**What the exercise asks**
When you transcribe the entries below, begin at their first line and stop after the line containing "Editable background textile"; pictures stay out.

**Entries shown**
- - -
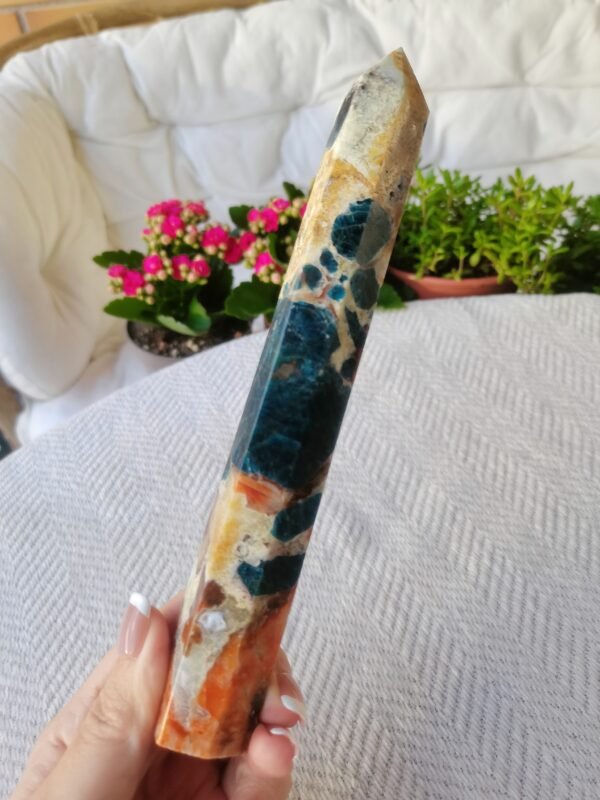 Blue Apatite with Sunstone Towers with Blue Flashes – Rare Crystal Tower – Blue Apatite Tower – High Quality AAA+ Energy Tower Healing Crystal Energy Crystal Healing Home Decor Gifts for Couples Friend Gifts for Family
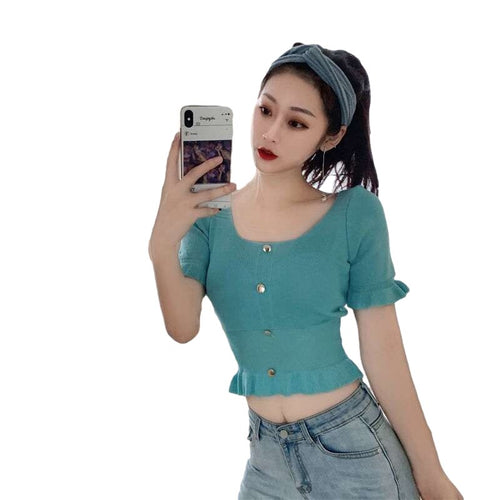 Skinny T-shirts Girls Cropped Slim Fashion Knitting Pullovers Vintage Tee Summer Tops Solf Woman Slim Ruffles Crop Sweaters Pink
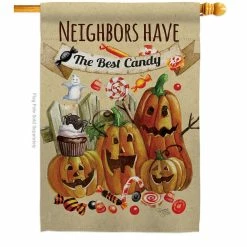 Breeze Decor 28 in. x 40 in. Neighbors Candy Fall House Flag Double-Sided Decorative Vertical Flags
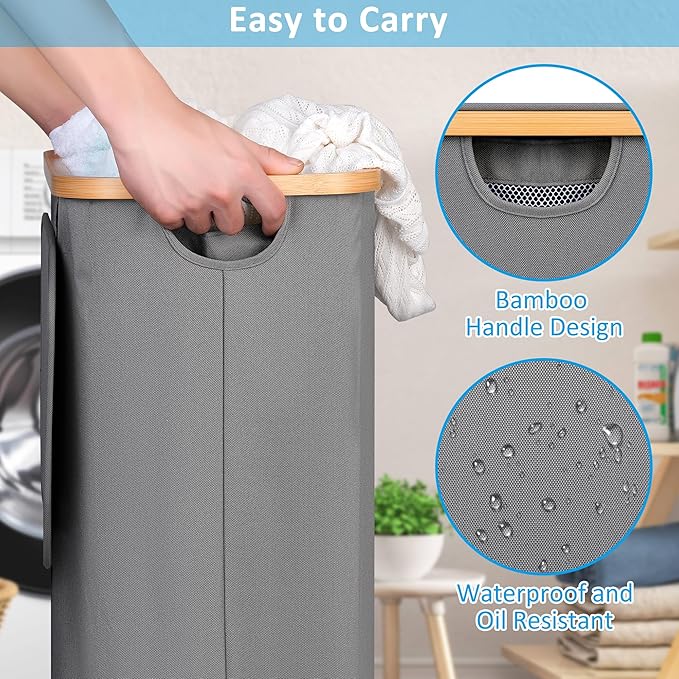 efluky Slim Laundry Basket with Wheels, Narrow Rolling Laundry Hamper with Lid and Removable Bag, Tall Aesthetic Dirty Clothes Hamper on Wheels for Laundry Room, Bedroom, Dorm and Bathroom, 75L Grey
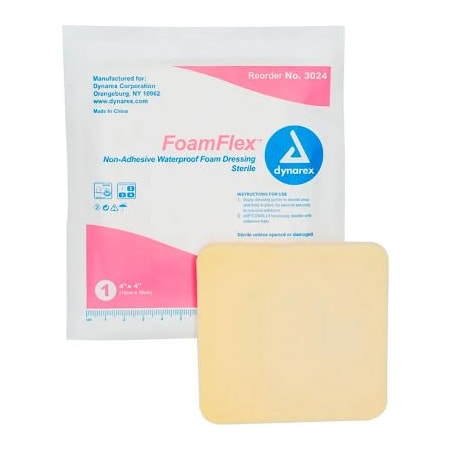 Dynarex Dynarex FoamFlex Non Adhesive Waterproof Foam Dressing, 4inL x 4inW, 120 Pcs 3024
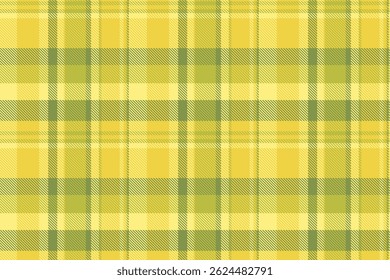 Editable background textile check, package plaid fabric vector. Quiet tartan texture pattern seamless in yellow and lime colors palette.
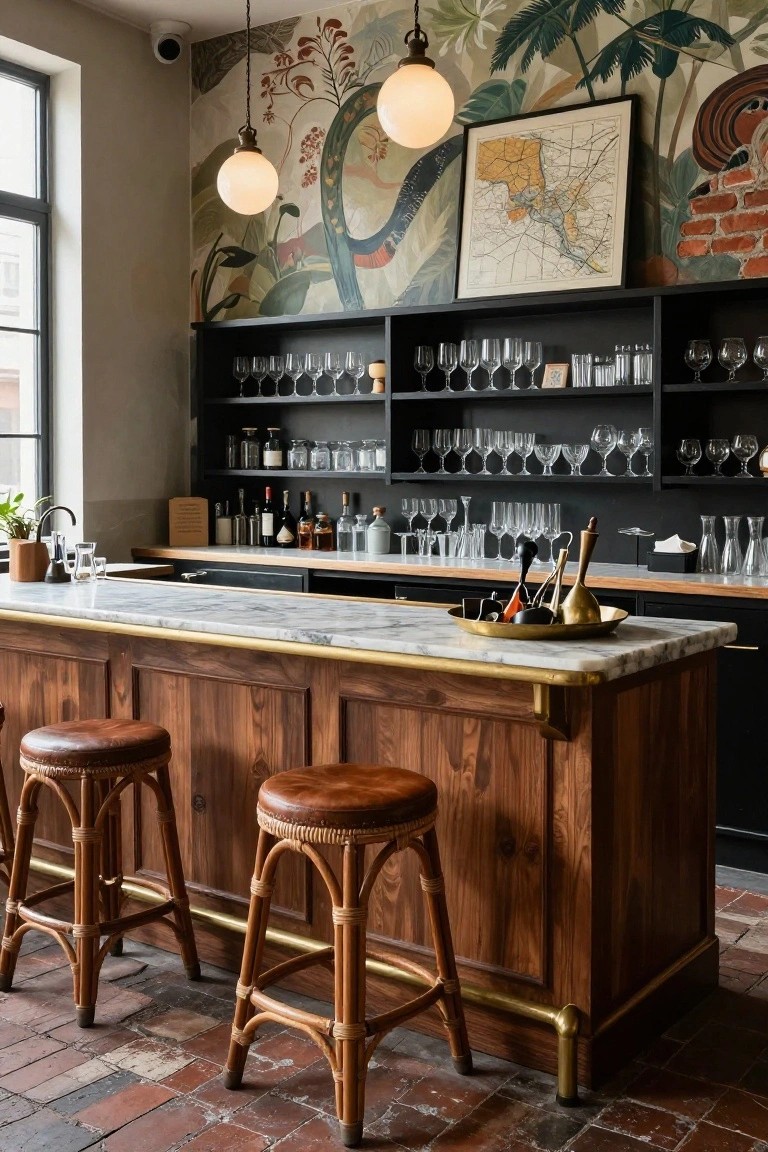 Interior of a bar room with dark wood bar island topped by white marble, brass trim details, rattan barstools, glassware on black shelves, and tropical-patterned wallpaper on walls.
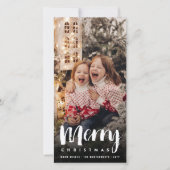 Vrolijk kerstgebold penseelscript Moderne foto Feestdagenkaart (Voorkant)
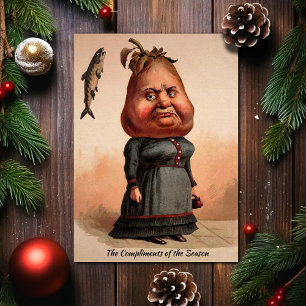 Vintage Viktorian Pear Head Dam-julkort Helgkort
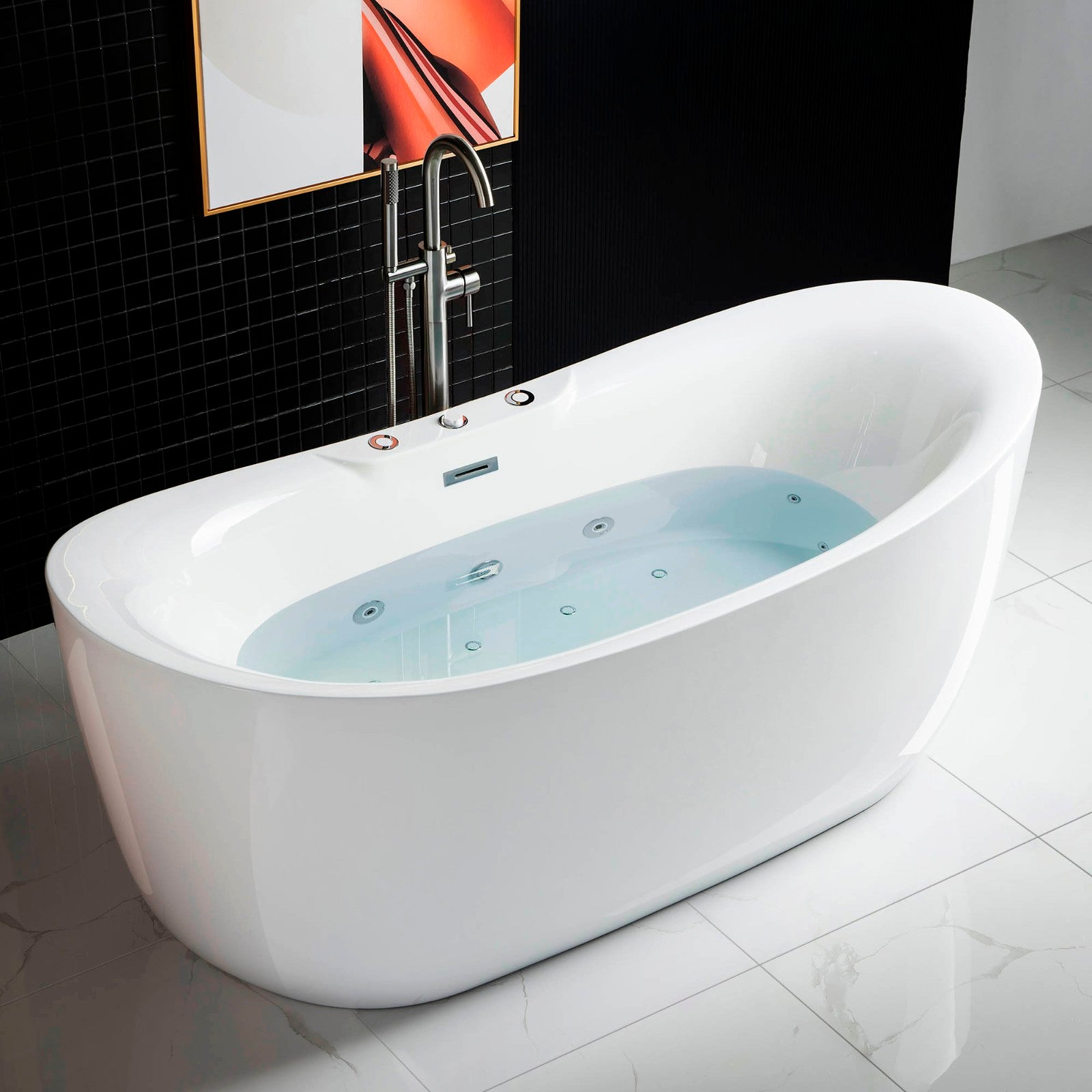 WOODBRIDGE 71" Whirlpool Water Jetted and Air Bubble Freestanding Bathtub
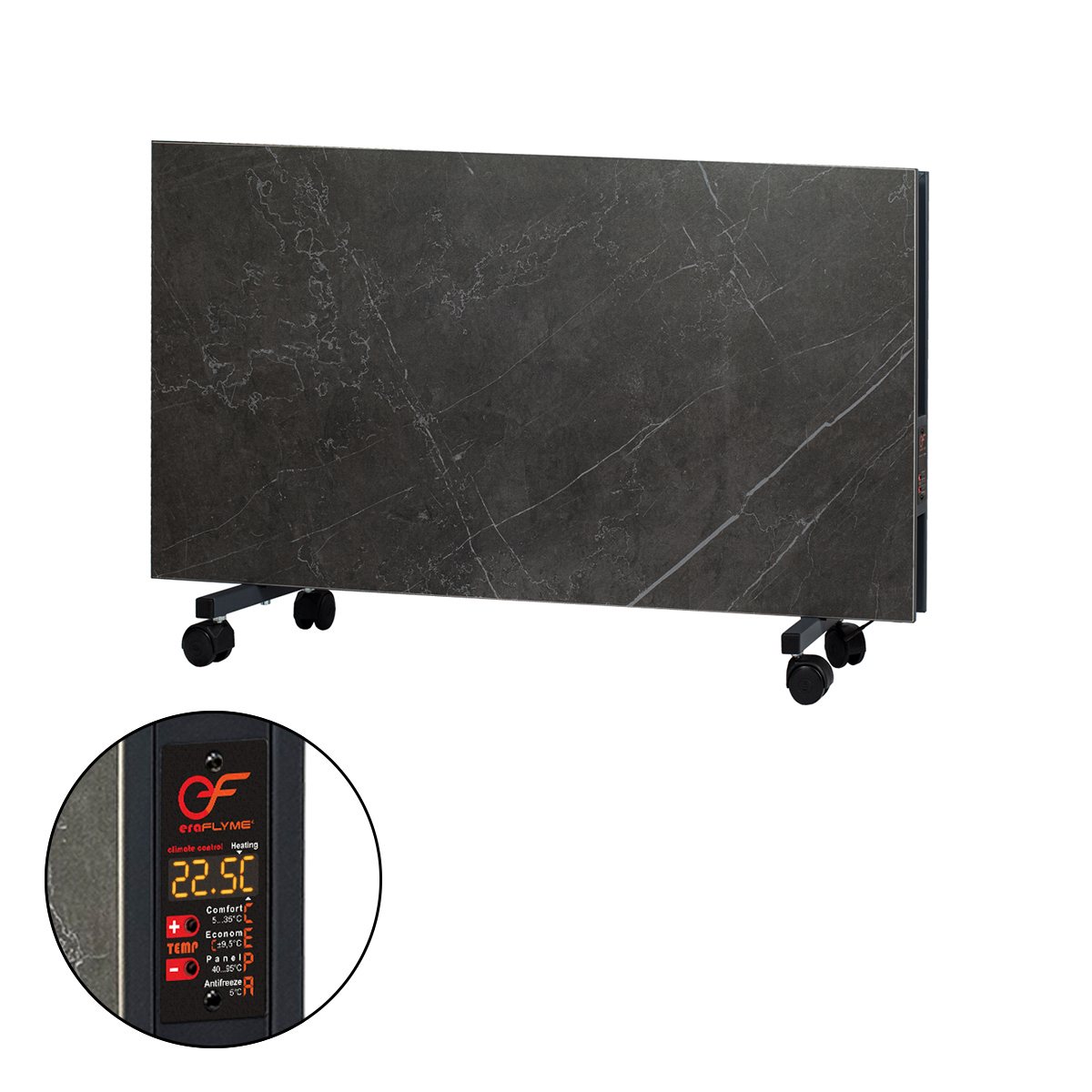 EraFlyme Двохстороння керамічна панель на роликах  500PG темний камінь – на 10 м² 500 Вт купити в Україні ГрієДім GRIEDIM купить в Украине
- - -
**Result**
 Blue Apatite with Sunstone Towers with Blue Flashes – Rare Crystal Tower – Blue Apatite Tower – High Quality AAA+ Energy Tower Healing Crystal Energy Crystal Healing Home Decor Gifts for Couples Friend Gifts for Family
 Skinny T-shirts Girls Cropped Slim Fashion Knitting Pullovers Vintage Tee Summer Tops Solf Woman Slim Ruffles Crop Sweaters Pink
 Breeze Decor 28 in. x 40 in. Neighbors Candy Fall House Flag Double-Sided Decorative Vertical Flags
 efluky Slim Laundry Basket with Wheels, Narrow Rolling Laundry Hamper with Lid and Removable Bag, Tall Aesthetic Dirty Clothes Hamper on Wheels for Laundry Room, Bedroom, Dorm and Bathroom, 75L Grey
 Dynarex Dynarex FoamFlex Non Adhesive Waterproof Foam Dressing, 4inL x 4inW, 120 Pcs 3024
 Editable background textile check, package plaid fabric vector. Quiet tartan texture pattern seamless in yellow and lime colors palette.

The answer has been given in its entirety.